_Data segment_.
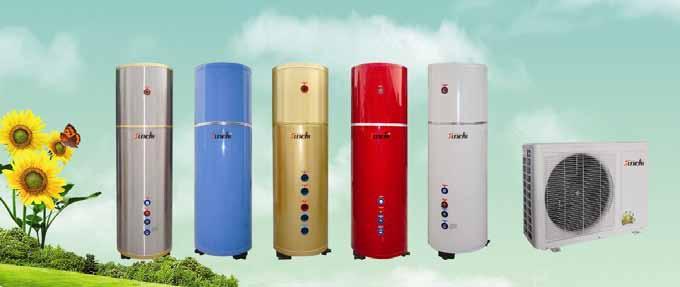 HOME USE WATER CRCLE HEAT PUMP High Efficiency: this water heater collects the heat from the air and the electricity is only used to drive the compressor to pump up the heat from the air.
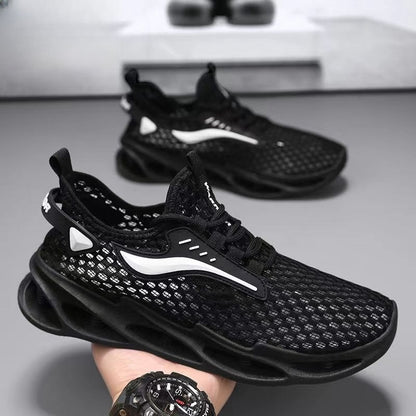 Herren Schnür-Sneakers Mesh Sportschuhe Mode Hohlsohle Low Top Laufschuhe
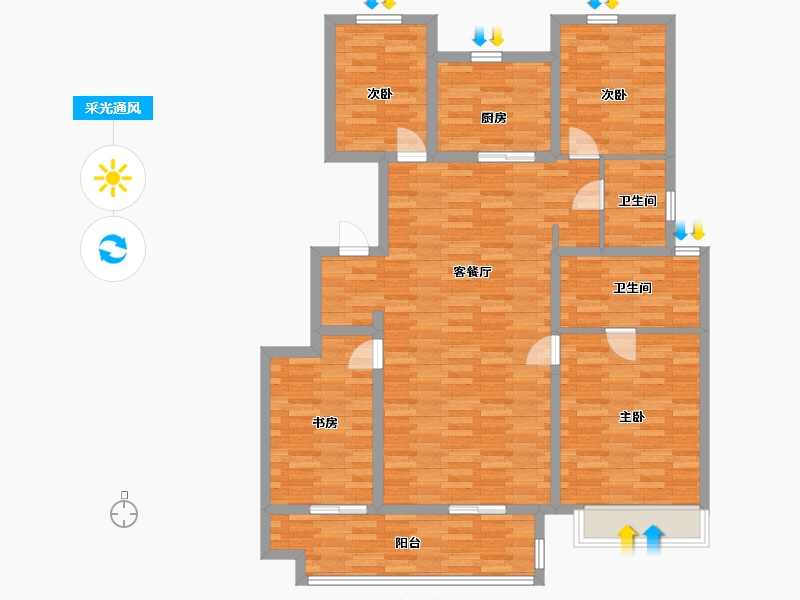 陕西省-西安市-世茂璀璨倾城二期31号楼,二期32号楼143㎡-114.39-户型库-采光通风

_Required work_.
Nothing but the text of the listing should be set down, exactly, with the pictures left behind.

_Solution_.
 HOME USE WATER CRCLE HEAT PUMP High Efficiency: this water heater collects the heat from the air and the electricity is only used to drive the compressor to pump up the heat from the air.
 Herren Schnür-Sneakers Mesh Sportschuhe Mode Hohlsohle Low Top Laufschuhe
 陕西省-西安市-世茂璀璨倾城二期31号楼,二期32号楼143㎡-114.39-户型库-采光通风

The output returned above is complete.